Unfortunately, losers are over-represented in the collections world. Drug addicts, ex-cons, drop-outs, wash-outs and the mentally ill populate the lower ranks of the typical collection agency in great numbers. They generally don’t last long, but they are always present because the high turnover at any agency assures a new crop of losers will be coming through the door each week. Some of your savvier losers stick around because there really is little difference between a street hustle and a phone hustle. Think of Tobias “Bags O’ Money” Boyland, the enterprising ex-con who operated a constellation of crooked agencies in Buffalo after 13 years in prison. He has since returned to prison after a firearms conviction that began with an investigation of his shady agencies.

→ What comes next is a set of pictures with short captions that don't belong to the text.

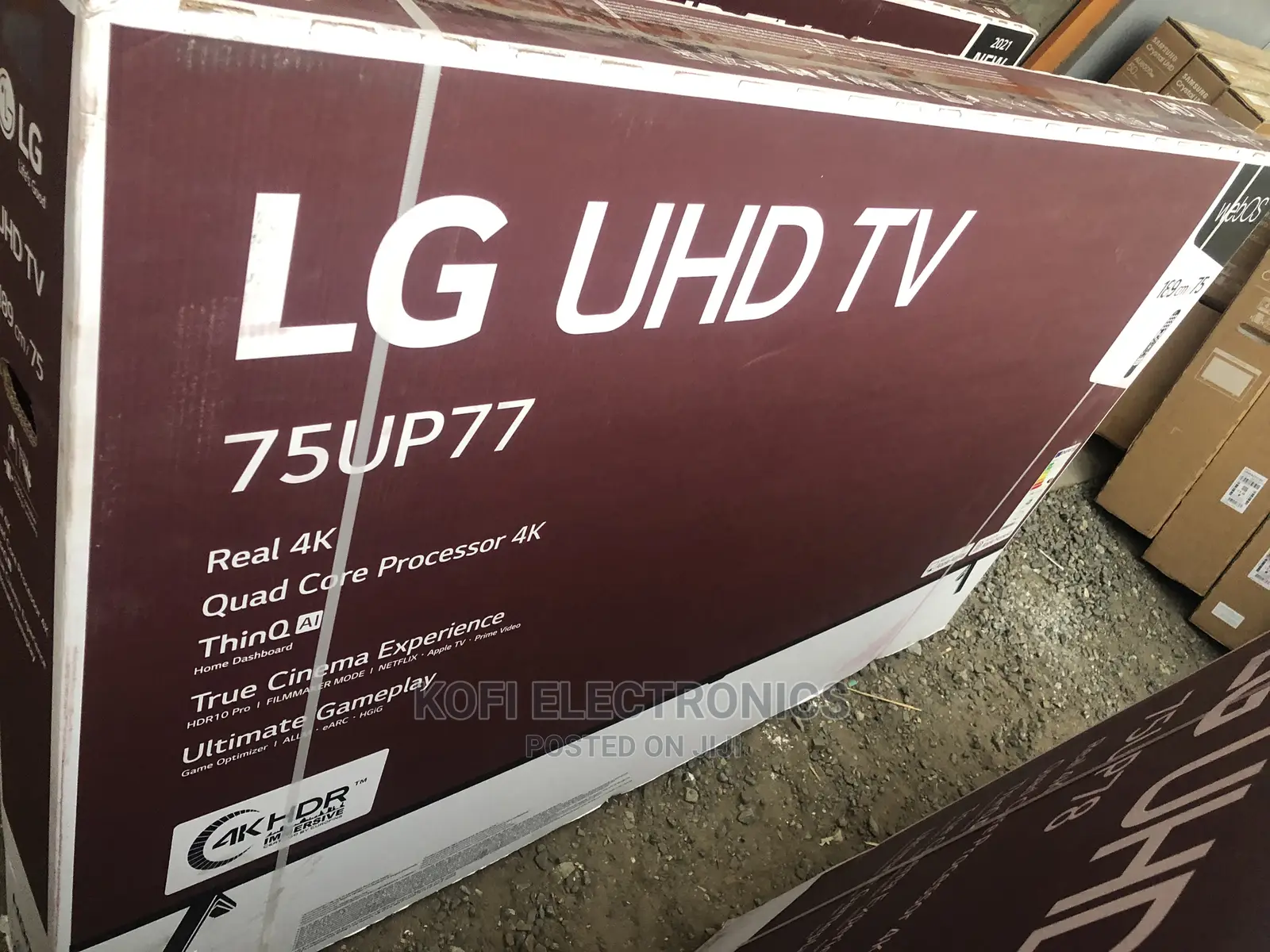 Dazzling LG UHD 75 Inch UP77 Series Cinema Screen Design 4K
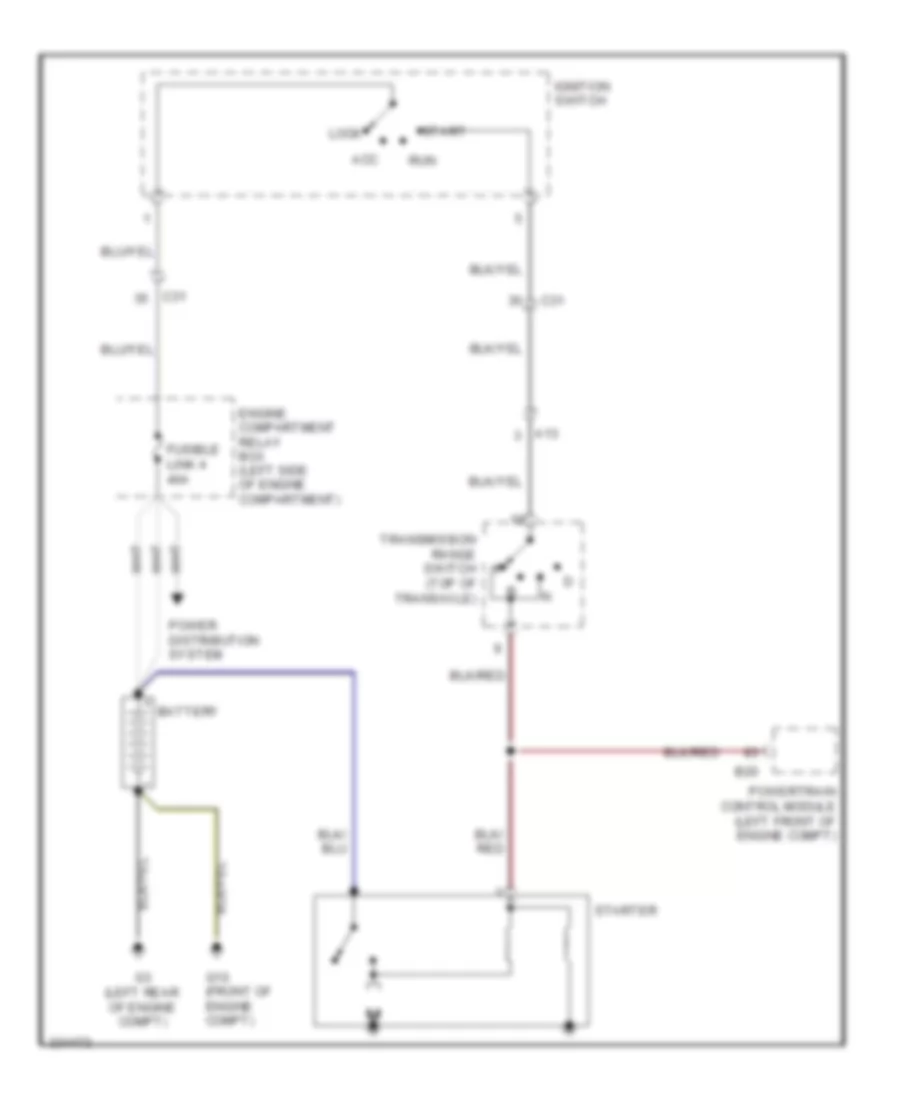 Starting Wiring Diagram for Mitsubishi Endeavor SE 2010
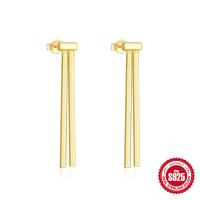 Gold-Tone 925 Silver Dangle Earrings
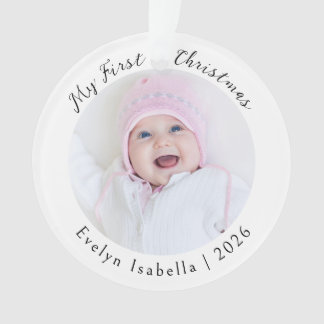 Simple Élégant Minimaliste Premier Noël de Bébé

Although lower management decries high turnover as a waste of time and money, it is actually saving them in the long-run and likely functions exactly as planned. High turnover depresses wages in the middle and upper brackets of the workforce. If you can find an army of $9.00 an hour employees every week to nip the heels of the middling $14 to $17 an hour employees it will keep the overall wage scale low. It also keeps your mid-level employees productive and fighting for viability in an ever-changing environment. Who has time to talk unions when your survival is at stake daily?

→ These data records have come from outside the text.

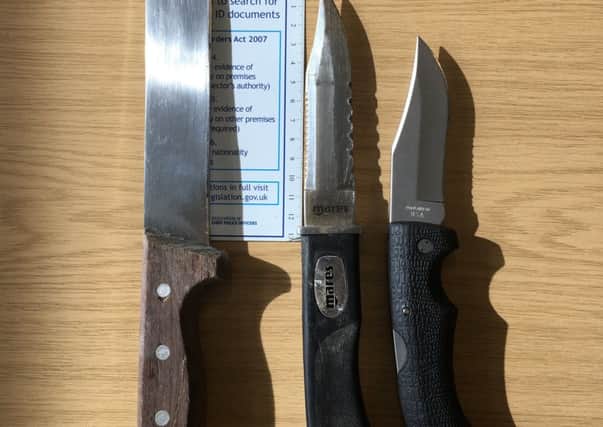 Nine were arrested in connection with weapons offences during Operation Sceptre.
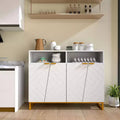 Meuble de rangement buffet de 40" avec 4 portes et étagères réglables
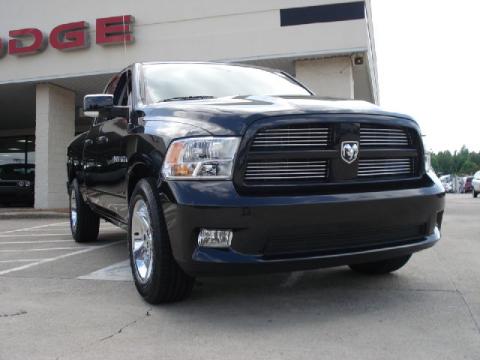 Brilliant Black Crystal Pearl Dodge Ram 1500 Sport Quad Cab.  Click to enlarge.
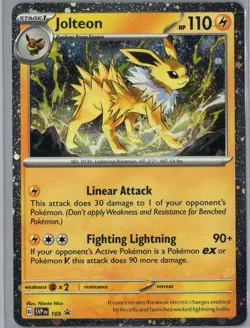 Jolteon (Cosmos Holo) 169 Rare Scarlet & Violet Promo Pokemon Near Mint - Image 1
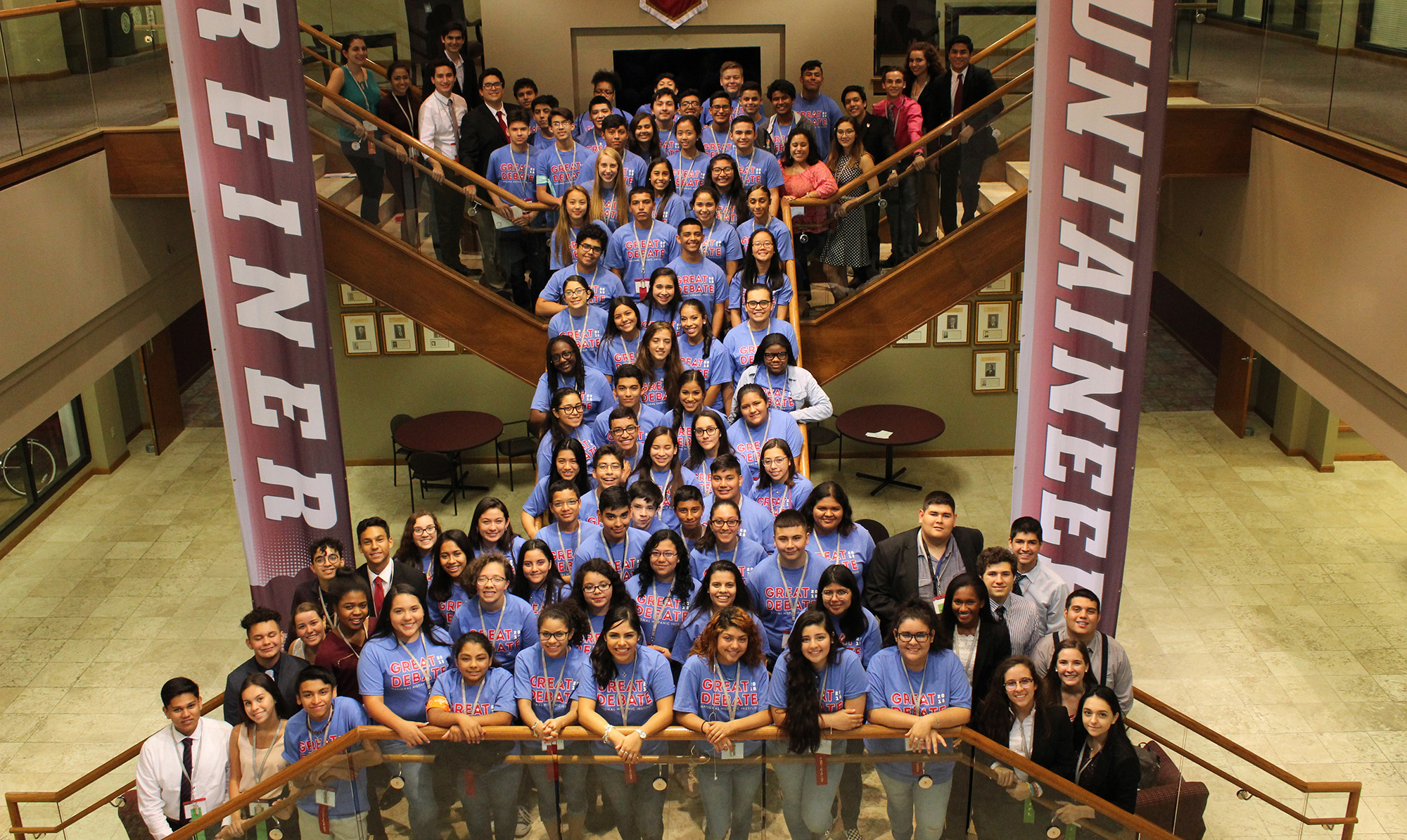 2018 Texas Star Great Debate Students at Schreiner University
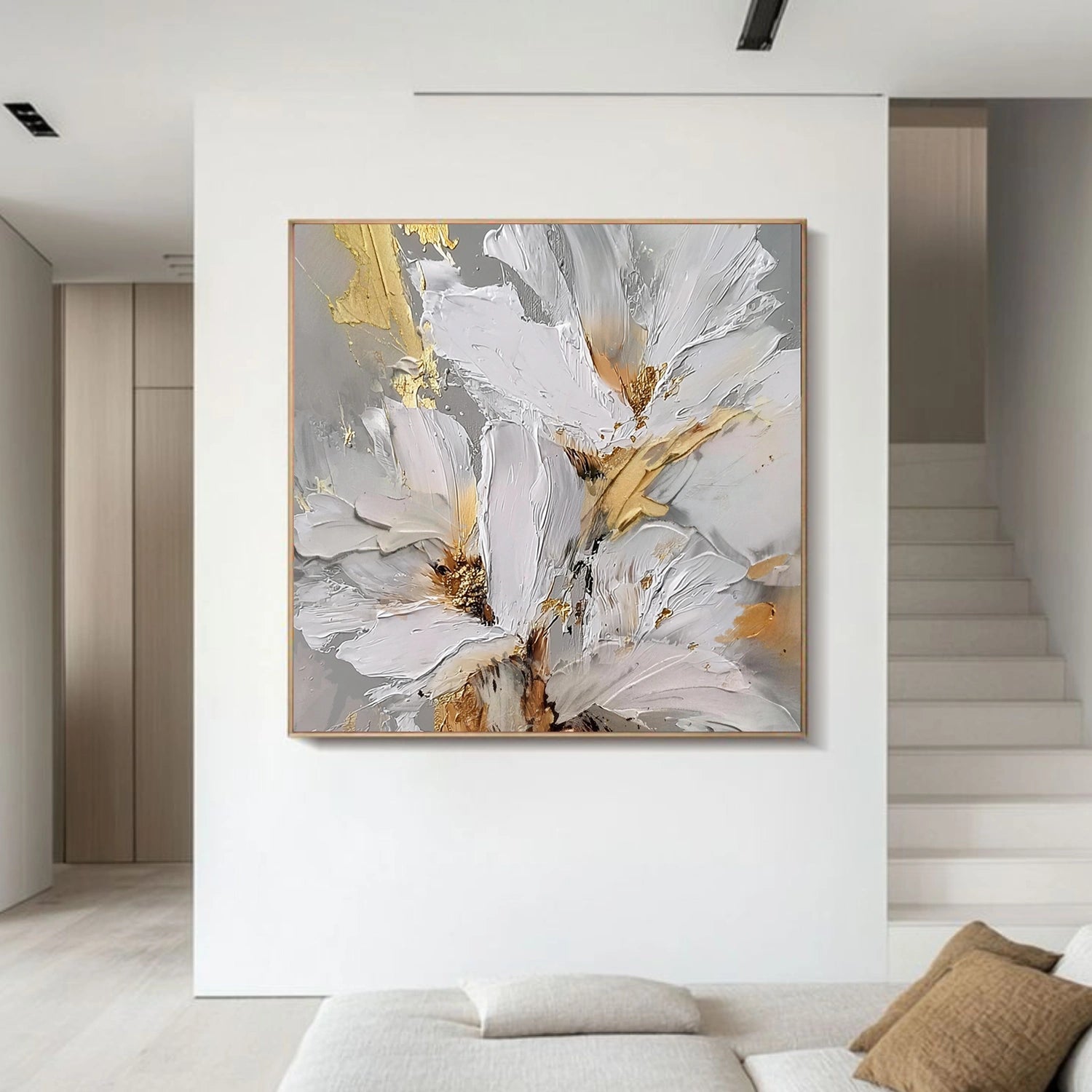 Flower & Tree Abstract Textured Wall Art #ML228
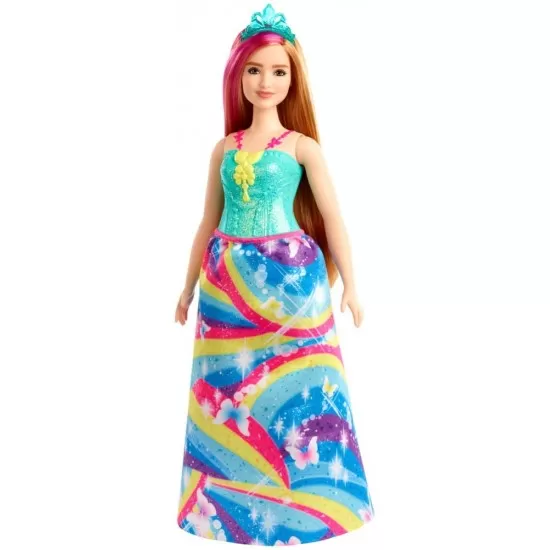 Papusa Barbie Printesa Dreamtopia cu coronita albastra Papusa Barbie Printesa Dreamtopia cu coronita albastra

Illegal Collection Practices: Damned if you do, damned if you don’t
Almost every collection agency in Buffalo violates the Fair Debt Collection Practices Act regularly and, mostly, with impunity. Most of the violations are minor, some major. The law is a weak consumer protection with very little enforcement. Although most Buffalo agencies have cleaned up their act in the last three years, collectors still use non-existent legal threats as leverage to persuade debtors to pay. They also contact third parties to relay messages to debtors, a well-used play to generate call backs. It is widely understood in the business, with the existing commission structure and debtors who are resistant to standard overtures for payment, that the only way to generate income and protect your job is to wield false threats as leverage. To a certain extent, this is true. The law requires debt collectors to behave as customer service agents and, as the result of hundreds of lawsuits, agencies now use call scripts that are almost obsequious in tone. Debtors will hang up on you if you begin the call with, “federal law requires that I inform you that this is an attempt to collect a debt—“
Beneath the surface of compliance and cooperation, the typical collection agency has a set of rules that are not written down anywhere, the most important of which is “don’t get caught.” The shadow world of informal rules, in most cases, has the unofficial sanction of management and agency owners. This system is the engine that generates the most profit for the agencies and collectors well-connected enough to be involved. Your monthly all-star bill collectors are usually people involved with the shadow system.
The typical agency is assured some profit by following the law. Only a very tiny percentage of debtors pay their bill after receiving a call or two and a letter, but enough to generate a modest profit for the business. Also, there are collectors at every agency who offer very flexible monthly payment arrangements to debtors so to build bonus money up gradually. That brings in steady revenue as well. As smart as that strategy sounds, management generally hates these collectors and are sometimes openly hostile to them. They want the whole bill in one payment. These collectors are taking the dreaded long view, gradually building a “payer base” so they don’t have to start from zero each month. But it’s not enough and it will never be enough for management and agency owners. That’s why agencies create a climate where the collector is tacitly encouraged to use illegal threats to collect debts. If you don’t generate a minimum amount of money in three months, you are fired. If you generate a little bit of money, it’s not worth the stress and aggravation. So it’s go big or go home, a mindset that managers encourage enthusiastically.